So, that's not quite what's going on. We actually force the desired algebraic properties to hold; that is, it's not that we somehow "expect" multiplication to be associative and commutative but that we declare by fiat that multiplication is associative and commutative, and so forth. This can be formalized in ring theory using the idea of a presentation of a ring by generators and relations; formally, this approach amounts to constructing $\mathbb{C}$ as a quotient ring $\mathbb{R}[i]/(i^2 + 1)$.

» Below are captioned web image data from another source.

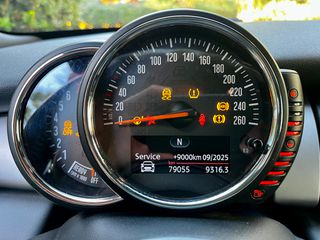 Mini Cooper 2014 Pepper GR/ A’ 79.000 km - KDP Garage-thumb-54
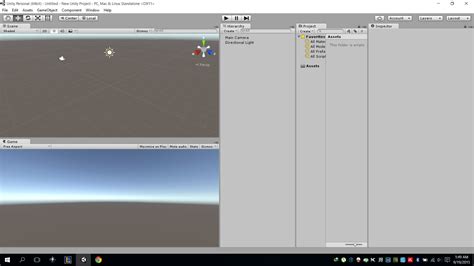 Screen Resolution Build Unity 的图像结果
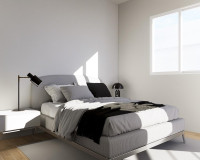 New Build - Apartment / Flat - Torrevieja - pueblo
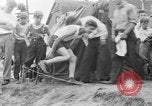 Image Jackson High School Boys Hackensack New Jersey USA, 1930, de la seconde 56 séquences d'archives historiques vidéo 65675046574
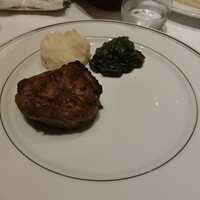 THE COSMOPOLITAN GRILL BAR TERRACE - 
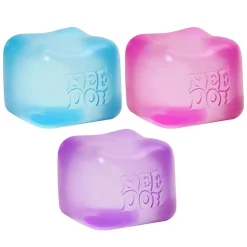 Nice Cube Needoh Squishy Toy by Schylling - IN STOCK NOW!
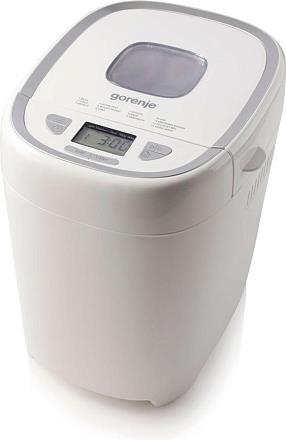 Хлебопечь BM900WS 741882 GORENJE - оптом у дистрибьютора ELKO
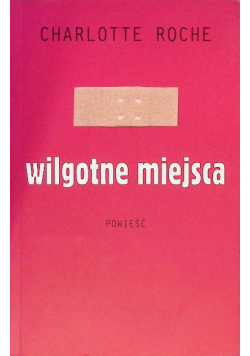 Wilgotne miejsca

The problem from this perspective is not "logical consistency" as such; rather, the problem from this perspective is that we don't know whether or not all the properties we're forcing will force every element to be equal to $0$. This is a real thing that can actually happen, for example if we tried to add a new value $\infty$ satisfying $0 \cdot \infty = 1$; this amounts to constructing the quotient ring $\mathbb{R}[\infty]/(0 \cdot \infty - 1)$, and in this quotient ring we have that

$$0 \cdot \infty + 0 \cdot \infty = (0 + 0) \cdot \infty = 0 \cdot \infty$$

forces $0 \cdot \infty = 0$ and hence $1 = 0$.

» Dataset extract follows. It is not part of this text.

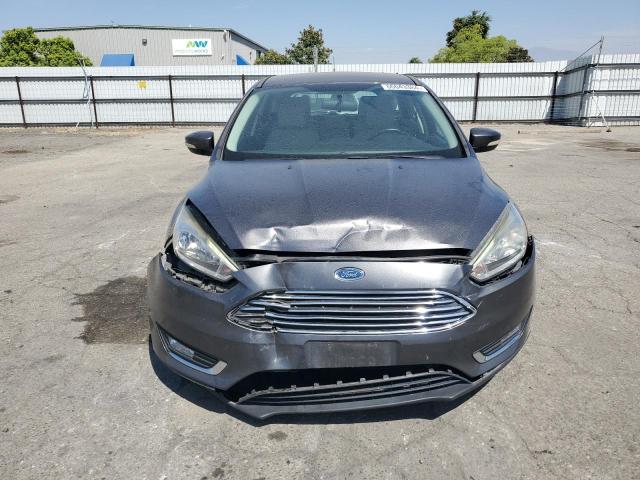 2015 FORD FOCUS TITA - 1FADP3N24FL387075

You could think of this as a "logical inconsistency" in the sense that it proves the "contradiction" $1 = 0$, but in modern mathematics we don't think of it that way, because the symbols $1$ and $0$ don't have their ordinary meanings anymore; they are actually an (extremely common and standard) abuse of notation referring to new entities $1'$ and $0'$ which take values in our new quotient ring $\mathbb{R}[\infty]/(0 \cdot \infty - 1)$, and the fact that $1' = 0'$ in this ring doesn't have any bearing on whether $1 = 0$ in the ordinary real numbers. It's just that this new ring is the zero ring which means computations in it aren't useful for anything.

So, to make this approach rigorous it's necessary to prove that $\mathbb{R}[i]/(i^2 + 1)$ is not the zero ring, but instead that it is $2$-dimensional over $\mathbb{R}$, with the expected basis $\{ 1, i \}$; equivalently, you need to prove that $a + bi = c + di$ iff $a = c, b = d$. This can be done using the standard construction in terms of ordered pairs, and it can also be done using a matrix representation of the complex numbers, which sends

$$\mathbb{R}[i]/(i^2 + 1) \ni a + bi \mapsto \begin{bmatrix} a & b \\ -b & a \end{bmatrix} \in M_2(\mathbb{R}).$$

One way or another you have to do something to prove that $\mathbb{R}[i]/(i^2 + 1)$ is really $2$-dimensional as expected. So, summarizing:

  • In the ordered pair approach the complex numbers are $2$-dimensional by definition but you have to work to prove that multiplication is commutative, associative, has a unit, and distributes over addition.
  • In the quotient ring approach multiplication is commutative, associative, has a unit, and distributes over addition by definition but you have to work to prove that the complex numbers are $2$-dimensional.

So you have to do some work somewhere but different approaches shift around where the work is.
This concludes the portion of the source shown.